Before telescopes were invented in the early 1600s, most of what we now know exists in outer space was completely unimagined and largely unimaginable by ordinary human beings (like us). Galileo observed bizarre and shocking things – spots on the sun, planetlings orbiting Jupiter, countless stars never seen before – that exploded ideas in the old cosmological philosophies.
Certain fuzzy washes of light – a handful of which (like the great galaxy in the constellation Andromeda) can be seen by the unaided eye – were revealed in telescopes to exist by the dozens, and more. For decades it was generally assumed that the washes of light were all of the same ilk, although what that ilk was, was unknown. By the mid-1700s telescopes had improved, more starlight was charted, and new ideas about the structure of the cosmos were formulating out of the old. Many wild notions about the fuzzy patches eventually condensed into two basic theories: the “nebular hypothesis” and the “island universe” hypothesis.
The Latin word “nebula” means “cloud,” and the nebular hypothesis was that the fuzzy patches were distant clouds of gas slowly coalescing into planets. The French mathematician Pierre-Simon LaPlace suggested that our own sun and planets had formed this way. Even more spectacular was the idea proposed by the mighty Enlightenment philosopher Immanuel Kant, that the clouds were extremely distant island universes – collections of stars beyond our own collection, the Milky Way galaxy.
It turned out both, overall, were right. There are extragalactic galaxies, and there are several kinds of nebulae. Two hundred and some years later it’s a generally accepted fact of astronomy that so many galaxies exist, so far away, that their number is essentially unknowable. Galaxy M31 in Andromeda is an island in outer space of possibly a trillion stars about 2.2 million light-years away.
The nebulae seen in telescopes are inside our own galaxy. A nebula, as astronomers use the word, is a cloud of gas and dust floating near stars. Four basic kinds are detected in telescopes: reflection, emission, dark and planetary. A reflection nebula reflects visible light from nearby stars strongly enough for telescopes to pick up. An emission nebula glows with heat, or energy, detected by telescopes that pick up light in wavelengths the human eye can’t see (which is most of the light there is).
A dark, or absorption, nebula is a cloud of gas and dust that neither reflects light nor emits heat, but instead is seen as a silhouette against a background of star or nebula light. A dark nebula familiar in Hubble Space Telescope pictures is the Horsehead Nebula.
A planetary nebula is a shell of gas surrounding an old star.

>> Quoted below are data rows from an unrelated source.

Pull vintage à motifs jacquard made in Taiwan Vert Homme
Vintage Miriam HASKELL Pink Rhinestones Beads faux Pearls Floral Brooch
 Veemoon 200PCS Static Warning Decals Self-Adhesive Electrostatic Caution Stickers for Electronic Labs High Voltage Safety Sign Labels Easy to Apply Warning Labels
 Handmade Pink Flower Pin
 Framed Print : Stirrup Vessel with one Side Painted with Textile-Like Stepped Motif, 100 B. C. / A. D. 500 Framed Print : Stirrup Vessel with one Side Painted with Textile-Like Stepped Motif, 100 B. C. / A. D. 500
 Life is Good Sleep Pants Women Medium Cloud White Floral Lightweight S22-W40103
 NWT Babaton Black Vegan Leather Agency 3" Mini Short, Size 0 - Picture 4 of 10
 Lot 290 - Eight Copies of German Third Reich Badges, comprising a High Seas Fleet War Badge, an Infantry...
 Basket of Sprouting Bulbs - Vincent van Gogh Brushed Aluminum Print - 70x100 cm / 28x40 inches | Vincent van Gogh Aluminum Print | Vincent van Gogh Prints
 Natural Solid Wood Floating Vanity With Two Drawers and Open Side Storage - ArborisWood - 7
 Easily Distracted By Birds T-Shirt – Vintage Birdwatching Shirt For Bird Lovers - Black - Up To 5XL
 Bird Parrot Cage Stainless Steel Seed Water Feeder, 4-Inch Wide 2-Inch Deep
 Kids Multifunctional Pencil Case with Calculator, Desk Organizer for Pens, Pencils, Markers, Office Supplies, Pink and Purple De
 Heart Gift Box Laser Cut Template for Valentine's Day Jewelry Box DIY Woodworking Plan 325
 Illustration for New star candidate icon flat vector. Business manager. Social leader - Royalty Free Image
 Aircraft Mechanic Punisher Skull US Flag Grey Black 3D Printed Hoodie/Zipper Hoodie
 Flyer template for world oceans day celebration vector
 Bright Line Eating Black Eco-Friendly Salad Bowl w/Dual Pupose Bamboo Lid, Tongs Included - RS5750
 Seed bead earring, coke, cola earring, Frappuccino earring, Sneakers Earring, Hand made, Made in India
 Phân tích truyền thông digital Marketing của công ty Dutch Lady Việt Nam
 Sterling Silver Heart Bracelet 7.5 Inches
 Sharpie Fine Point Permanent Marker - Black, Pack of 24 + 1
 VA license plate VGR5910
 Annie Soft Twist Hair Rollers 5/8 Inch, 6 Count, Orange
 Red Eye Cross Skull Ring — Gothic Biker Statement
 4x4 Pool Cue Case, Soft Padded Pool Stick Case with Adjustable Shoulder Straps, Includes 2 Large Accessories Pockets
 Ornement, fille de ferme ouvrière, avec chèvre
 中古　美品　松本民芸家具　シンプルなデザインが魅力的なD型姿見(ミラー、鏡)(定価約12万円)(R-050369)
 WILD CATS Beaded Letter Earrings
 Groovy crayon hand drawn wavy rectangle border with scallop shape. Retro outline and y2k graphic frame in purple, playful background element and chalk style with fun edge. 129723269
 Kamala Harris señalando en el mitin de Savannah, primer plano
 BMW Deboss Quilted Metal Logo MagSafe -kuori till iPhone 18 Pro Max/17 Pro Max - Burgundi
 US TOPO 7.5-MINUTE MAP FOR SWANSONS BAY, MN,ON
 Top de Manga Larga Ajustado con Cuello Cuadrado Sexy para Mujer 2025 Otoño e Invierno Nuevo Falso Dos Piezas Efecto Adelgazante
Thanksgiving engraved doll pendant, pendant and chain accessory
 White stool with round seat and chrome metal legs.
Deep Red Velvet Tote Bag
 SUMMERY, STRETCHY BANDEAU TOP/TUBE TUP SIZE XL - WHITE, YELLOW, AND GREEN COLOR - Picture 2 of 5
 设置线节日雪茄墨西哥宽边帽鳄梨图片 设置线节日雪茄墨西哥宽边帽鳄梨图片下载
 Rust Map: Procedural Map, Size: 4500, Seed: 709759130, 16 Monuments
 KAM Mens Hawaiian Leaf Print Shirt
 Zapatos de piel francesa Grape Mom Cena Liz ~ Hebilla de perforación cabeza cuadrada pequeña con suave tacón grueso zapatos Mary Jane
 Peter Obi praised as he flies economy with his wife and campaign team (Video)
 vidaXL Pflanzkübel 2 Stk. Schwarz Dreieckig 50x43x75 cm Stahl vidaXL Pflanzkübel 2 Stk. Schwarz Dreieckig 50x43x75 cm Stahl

It does not actually involve planets – the phrase is a linguistic fragment left over from the ideas of philosophers like LaPlace and Kant.
It is theorized that stars are created when dust and gas condense over immensely long periods of time, and that planets coalesce from the disks of material left over from star formation. At the end of their lives, some stars explode into gas, dust and energy. New stars reformulate out of the material from the old exploded stars.
What a star explosion or a star birth is actually like, is unimaginable by ordinary beings like us. There are more things in heaven and Earth than are verified in our astronomy.